07/25/2008 by Dieter Steiger
On Friday, October 26, 2007, inside-it.ch reported that OC Oerlikon will stop its super SAP project. The new approach is said to provide a „more intelligent, more flexible and cheaper solution that integrates all ERP systems of the business units using a central SAP consolidation tool“.
This seems to simplify things, but why is it that SAP roll-in projects fail one after another? As a solution architect and interested oberserver of such projects, I dare to give some simple explanations:
The originally pragmatic plan to technically avoid a number of varying ERP environments is in most cases not the primary goal. Often, the roll-in project is targeting to implement an operation with identical processes all across the enterprise and to benefit from best practices. Extremely challenging goals!

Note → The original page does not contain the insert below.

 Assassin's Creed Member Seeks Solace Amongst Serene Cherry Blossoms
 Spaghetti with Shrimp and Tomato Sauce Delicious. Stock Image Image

Unfortunately, the project’s target organization and processes for the overall company often end up being insufficiently adjusted to SAP. In addition, the organizational and cultural complexity of such a original technical project requires that all quality assuring measures are clearly defined and strictly adhered to right from the beginning. Very often in such initiatives this is done much later, if at all.
Of course, these are not the only things to be observed in order to ensure success of a SAP R/3 roll-in project or any other super project. But to begin with, every project manager is well advised to be alert to the stumbling blocks in SAP roll-in projects as described above.